In general, what we buy now is both better and cheaper than it was in 1956. In that year, it would have cost you $495 to get a 21 inch RCA table model color television. In today’s money, that would be $4,500. For $495 now, you can get a 50 inch UHD 4K HDR LED Smart TV (I’ll leave it up to you to sort out what that all means). It will come on immediately, and you never have to fiddle with a bunch of knobs to get a decent picture. And if you can’t afford even $495, you can get a high definition television for less than $200, the equivalent of $22 in 1956.
You could get a very fine refrigerator then for about $400, which equates to about $3,700 now. You can certainly spend $3,700 for a fridge today, but for about half that you can get one that’s much larger than the 1956 model, will have a large freezer and make and deliver both ice cubes and filtered water at the touch of a button. Oh, and it will use much less electricity to do it all, as will the clothes washer and dryer that doesn’t cost you $4,500 now, but about $1,500.
Now, your new car will cost you more than it would have in 1956, even adjusted for inflation. But it’s not the same car, is it? For one thing, it’s safer in an accident. The death rate per 100,000 population was 22.48 then; it’s 11.59 now. On average, adjusted for inflation, gas costs about the same, but the average car now gets 24.8 miles per gallon instead of 14.5.
I had a driver’s license in 1956, but didn’t buy my first car until 1963.You could then expect to get a tune up every 10,000 miles or so, and get no more than 30,000 miles on a set of tires (and be lucky not to have the occasional flat tire in the meantime).
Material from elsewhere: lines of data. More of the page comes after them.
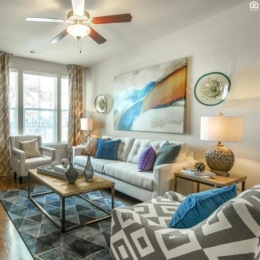 Open space living area with natural lighting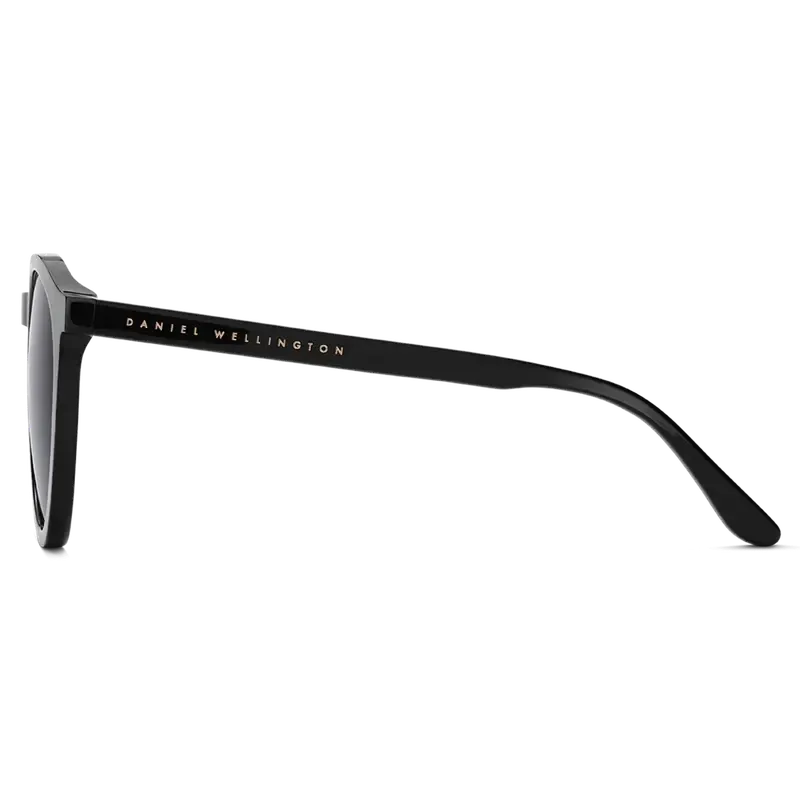 Minimalist black Daniel Wellington Arch sunglasses in sustainable bio-acetate with a sleek, modern side profile.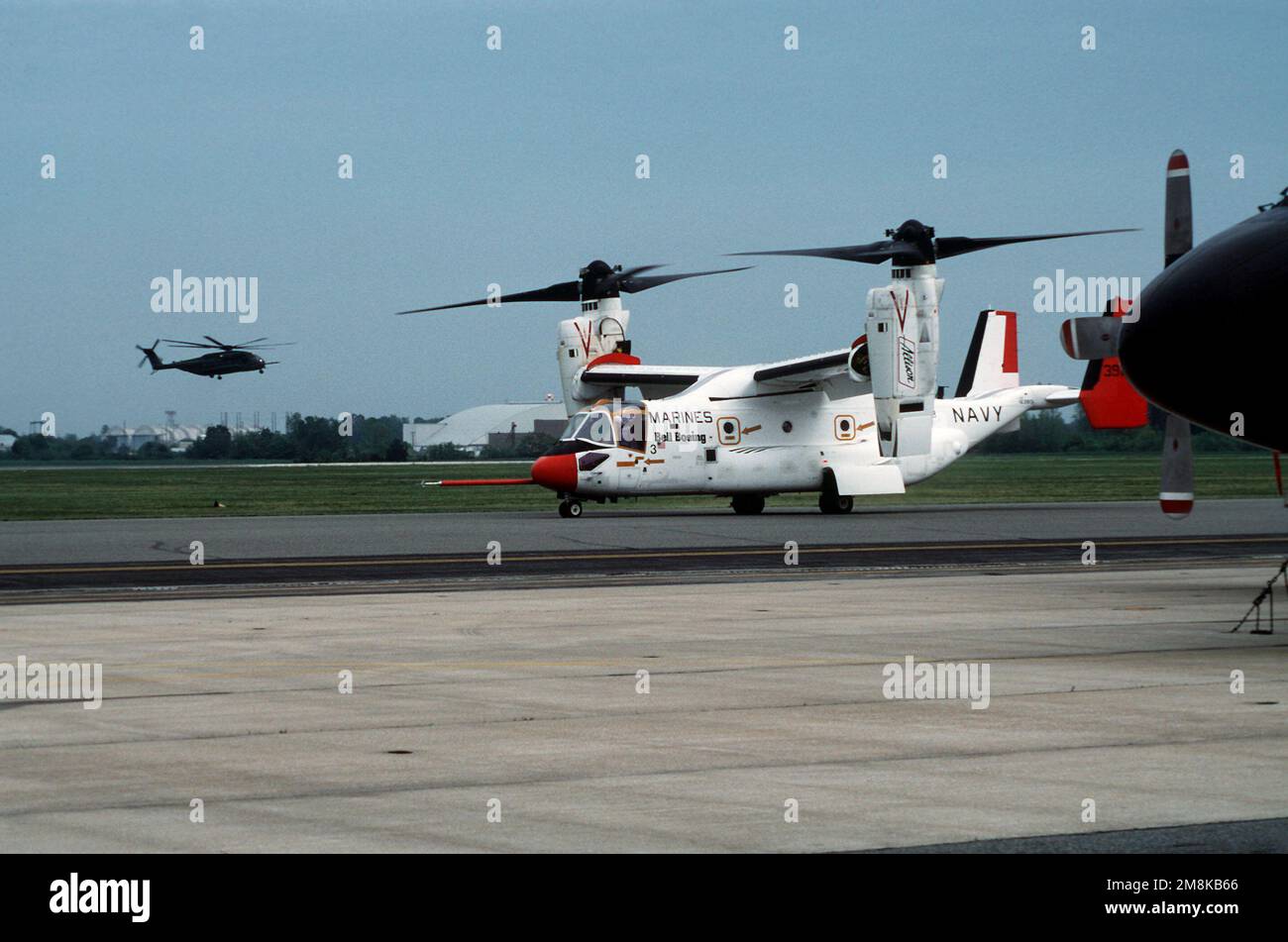 A left side view of a V-22 Osprey tilt-rotor test aircraft taxiing on ...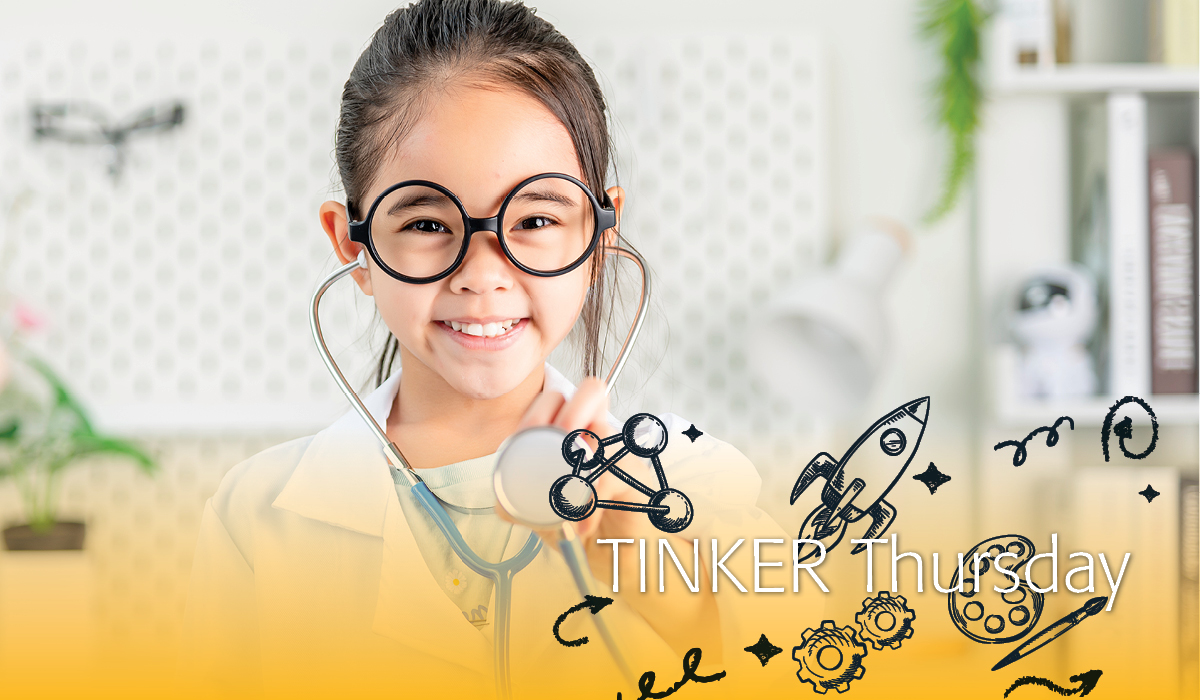 Girl dressed in a lab coat wearing a stethoscope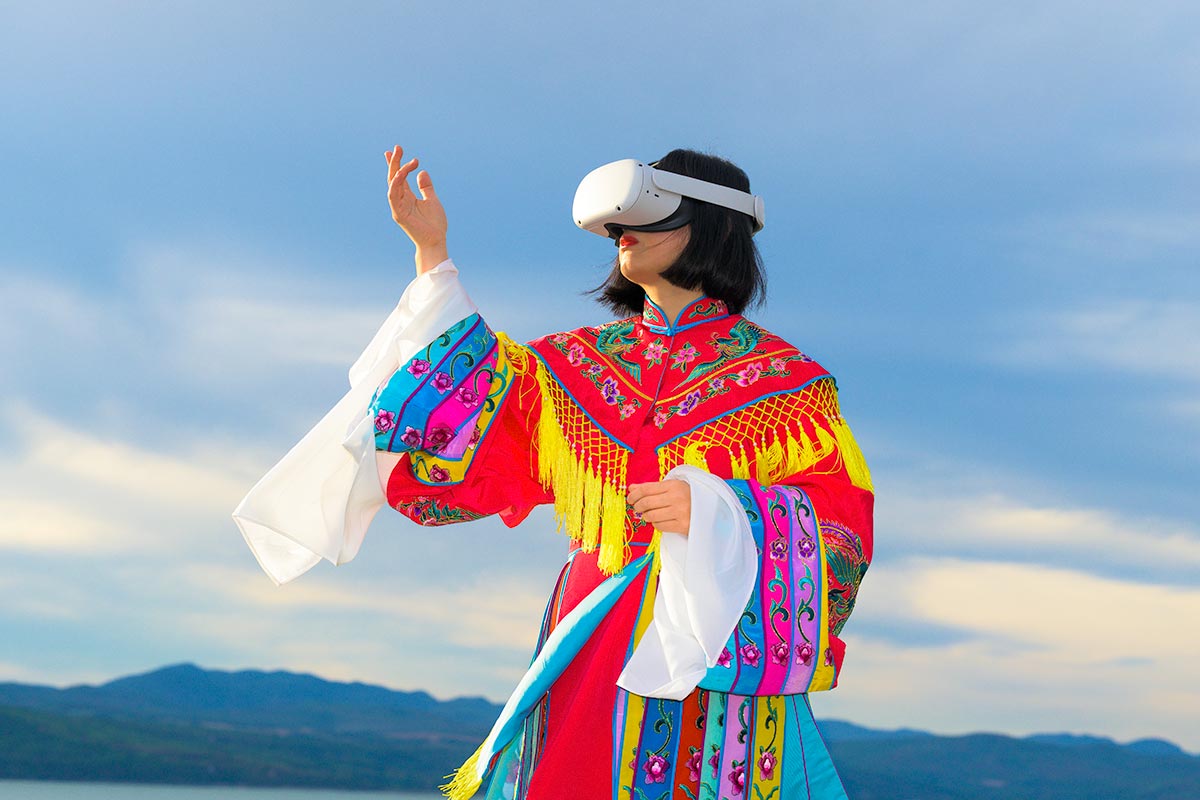 Chun Hua Catherine Dong wears Oculus VR headset and a red Chinese opera costume beside The St. Lawrence River.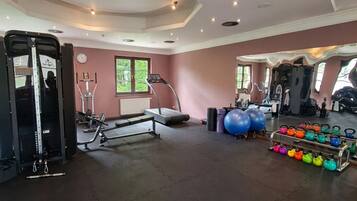 A gym with exercise equipment, treadmills, and kettlebells.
If you could afford it, you traded in your car after three or four years because you knew rust would soon begin to appear. And when you had your oil checked at the gas station, you were never surprised when you needed to add a quart. The typical new car warranty was 12 months or 12,000 miles; for my current car it is 48 months and 48,000 miles and it’s by no means the longest available.
In purely material terms then, things are much better than in the “good old days.” But everything isn’t hunky dory. In my view – again it’s subjective – the vulgarization of the culture has been consistent and continuous. Popular music is a good example, but it’s not the only one. I keep reading that we’re in some Golden Age of television. Golden Age of zombies? Golden Age of gratuitous profanity and nudity? I recently saw a documentary on the current “fine” art market that was depressing for two reasons: the treating of art as mainly a commodity; and the obvious pandering of many artists anxious to feed the system.
Civility is no longer the norm, particularly in our political life. And our President isn’t the only leader who seems to ignore the lessons of history and proven science. But I console myself with the realization that I can get in my technologically-advanced car, turn on the navigation system and set it to “get away from it all.”